However, in practice data sharing among organizations is hindered by two significant factors. (1) Organizations often fear inadvertently leaking trade-secrets, such as business strategies, and therefore do not share data; this concern is called trade-secret privacy. (2) When organizations have access to shared data, they often lack the in-house resources to evaluate the quality and usefulness of the data-source; this problem is called data source utility. This project quantitatively addresses the data sharing problems in terms of these two factors.
Specifically, the project will develop quantitative methods for measuring trade-secret privacy and data-source utility, assessing the tradeoffs between these two factors, and developing algorithms that come close to optimizing this tradeoff. This research will help encourage greater data sharing among organizations, thereby enhancing society's ability to address global challenges through informed collaboration.
Several outreach and education activities complement and integrate the research.
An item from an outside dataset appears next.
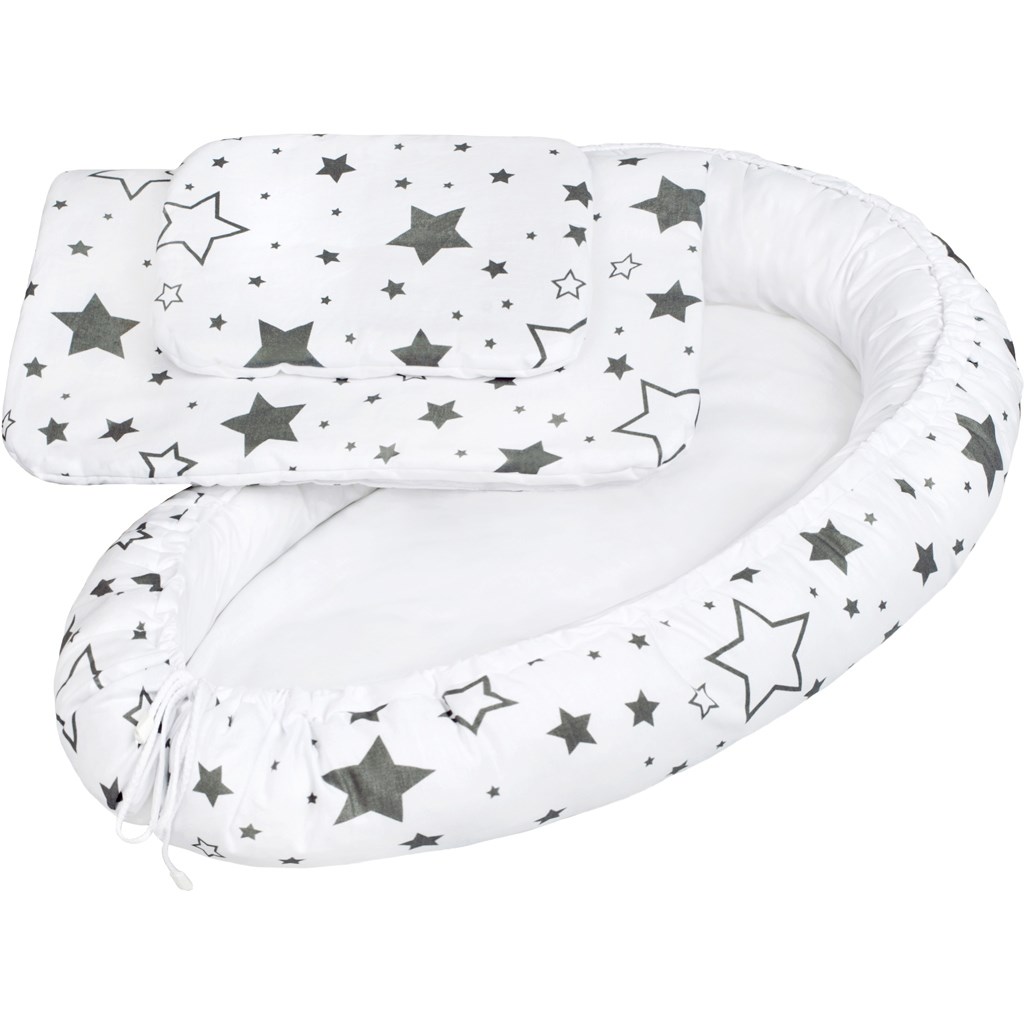 Levně Luxusní hnízdečko s peřinkami pro miminko New Baby hvězdy šedé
These include working with companies to develop privacy protections in their applications and services, working on an open source library for trade-secret privacy and utility, and organizing research internship programs for students in Africa.
This project aims to design novel privacy and utility metrics and frameworks to help organizations make more informed choices regarding data sharing. Both of the above problems (trade secret privacy and data source utility) can be framed as a study of divergences between probability distributions. Building on the investigator's prior work studying divergences in the context of deep generative models, this project will study how to carefully select appropriate divergence measures to (a) satisfy enterprise use cases, and (b) provide strong theoretical guarantees of privacy and utility.
The project will proceed in four thrusts. Thrust 1 will define and analyze a metric for trade secret privacy. This metric will be based on the notion of maximal leakage from information theory; maximal leakage captures the maximum amount of information that can be gained by an adversary about any secret quantity after seeing released, obfuscated data.
The proposed metric in this project will differ by modeling information leakage of specific trade secrets, rather than any arbitrary secret. Thrust 2 will propose and theoretically analyze a metric for data source utility, based on statistical divergences over probability distributions. This work will build on the expansive literature on data valuation.
Thrust 3 will study fundamental tradeoffs between these metrics; the goal will be to identify algorithms that approach the fundamental bounds. Thrust 4 will analyze downstream performance guarantees, which connect the proposed privacy and utility metrics to enterprise use cases motivated by the investigator's ongoing industry collaborations. In summary, the project will contribute a formal methodology for modeling and mitigating common data sharing problems in enterprise settings.
This award reflects NSF's statutory mission and has been deemed worthy of support through evaluation using the Foundation's intellectual merit and broader impacts review criteria.